Let's be honest. Today audiences keep flocking to the cinemas mainly thanks to the wow factor of 3D movies. 3D technology keeps cinemas afloat, because 2D movies can be now downloaded for free via multiple on-file sharing directories and enjoyed at home. Piracy of 2D movies is thus not a new notion unlike 3D film piracy. Some say that on The Pirate Bay you can find ripped Piranha 3DD and Jackass 3D, both converted to anaglyph red-cyan video. So is it the beginning of 3D film piracy movement or just a random exception?

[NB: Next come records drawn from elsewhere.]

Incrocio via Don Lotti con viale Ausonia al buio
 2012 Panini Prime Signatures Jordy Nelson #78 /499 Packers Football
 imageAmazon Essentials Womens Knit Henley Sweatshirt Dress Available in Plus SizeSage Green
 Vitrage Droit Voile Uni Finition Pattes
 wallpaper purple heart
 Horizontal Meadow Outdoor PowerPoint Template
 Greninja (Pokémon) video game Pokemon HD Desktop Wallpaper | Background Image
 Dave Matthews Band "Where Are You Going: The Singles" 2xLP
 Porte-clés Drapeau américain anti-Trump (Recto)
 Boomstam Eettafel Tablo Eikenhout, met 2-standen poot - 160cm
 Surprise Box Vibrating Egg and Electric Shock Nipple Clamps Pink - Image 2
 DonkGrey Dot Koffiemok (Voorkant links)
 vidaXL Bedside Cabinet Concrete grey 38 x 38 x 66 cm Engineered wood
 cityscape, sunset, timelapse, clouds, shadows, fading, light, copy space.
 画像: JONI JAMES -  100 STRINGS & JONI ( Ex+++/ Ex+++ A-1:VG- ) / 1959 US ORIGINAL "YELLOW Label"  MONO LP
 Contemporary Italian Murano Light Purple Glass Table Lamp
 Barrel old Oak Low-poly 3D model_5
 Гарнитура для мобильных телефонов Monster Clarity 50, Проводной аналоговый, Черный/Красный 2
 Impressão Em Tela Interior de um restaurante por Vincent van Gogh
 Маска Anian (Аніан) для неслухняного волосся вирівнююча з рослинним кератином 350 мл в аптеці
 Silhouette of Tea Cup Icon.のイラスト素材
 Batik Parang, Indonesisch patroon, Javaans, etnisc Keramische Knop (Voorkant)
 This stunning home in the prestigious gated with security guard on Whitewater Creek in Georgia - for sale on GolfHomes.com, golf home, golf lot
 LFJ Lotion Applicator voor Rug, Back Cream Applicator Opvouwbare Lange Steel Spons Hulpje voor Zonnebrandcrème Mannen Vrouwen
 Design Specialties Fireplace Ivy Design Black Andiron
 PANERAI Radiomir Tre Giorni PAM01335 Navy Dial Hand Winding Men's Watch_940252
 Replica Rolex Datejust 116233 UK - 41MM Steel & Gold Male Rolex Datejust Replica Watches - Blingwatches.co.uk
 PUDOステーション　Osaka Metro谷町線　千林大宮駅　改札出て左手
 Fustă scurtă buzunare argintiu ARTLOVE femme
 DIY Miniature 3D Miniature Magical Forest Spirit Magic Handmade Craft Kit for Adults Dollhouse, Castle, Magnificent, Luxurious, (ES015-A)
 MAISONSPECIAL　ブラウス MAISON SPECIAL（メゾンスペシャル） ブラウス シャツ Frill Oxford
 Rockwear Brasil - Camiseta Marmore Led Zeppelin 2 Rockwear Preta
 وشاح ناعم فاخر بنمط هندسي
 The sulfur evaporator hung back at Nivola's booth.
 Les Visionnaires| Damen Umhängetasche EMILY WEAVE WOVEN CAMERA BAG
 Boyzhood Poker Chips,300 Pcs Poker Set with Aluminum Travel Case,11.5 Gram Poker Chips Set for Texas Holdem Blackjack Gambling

For all of us movie piracy is not a new thing. It functions on a global scale and has occurred rather long time ago in two ways: by recording a movie with a hidden camcorder in the theatre or making a copy of DVD screeners. Nowadays 90 percent of pirated new releases are made using that camcorder trick. But the interesting thing about pirating 3D movies is that they can't be actually recorded with a camcorder in the theatre unlike “flat” 2D movies. For a camcorder it's just impossible to record and separate two different images of a 3D movie projected onto the cinema screen. For those of you who are not familiar with the 3D technology used in cinemas: 3D film is made up of two image projections of differently polarized light. All polarized light waves of an image have the same angle of vibration. 3D glasses worn by cinema viewers filter one strain of polarized light waves to each eye, thus creating two different images for each eye. Those two images are then combined and perceived by your brain as a 3D image. So camcorders aren't much use for pirating in 3D, because all pirates will end up with is a blurry image. One may cheerfully exclaim “That's it! 3D pirates will not pass! ” And that is true, but not exactly so.
As we know movie pirates are not those Pirates of the Caribbean as one may have thought, but some very enthusiastic, tech-savvy individuals, who are eager to rip off licensed DVDs for further distribution. And though it's hard to rip off a 3D Blue-Ray disc, because the technology is rather new, pirates are pirates and they will be mastering their skills as the more 3D movies will be released. And the tendency is that with the improvement of 3D technology the 3D TV market will also offer 3D TV sets for lower prices. That means the demand for 3D content will grow and this will be a great incentive for pirates not to give up and perfect their mastery.
In order to fight piracy studios will be adding extra security for their discs to prevent copying both polarized images at once. But such measures are unlikely to stop pirates on their way; 3D film piracy will soon be as common as the 2D counterpart is today.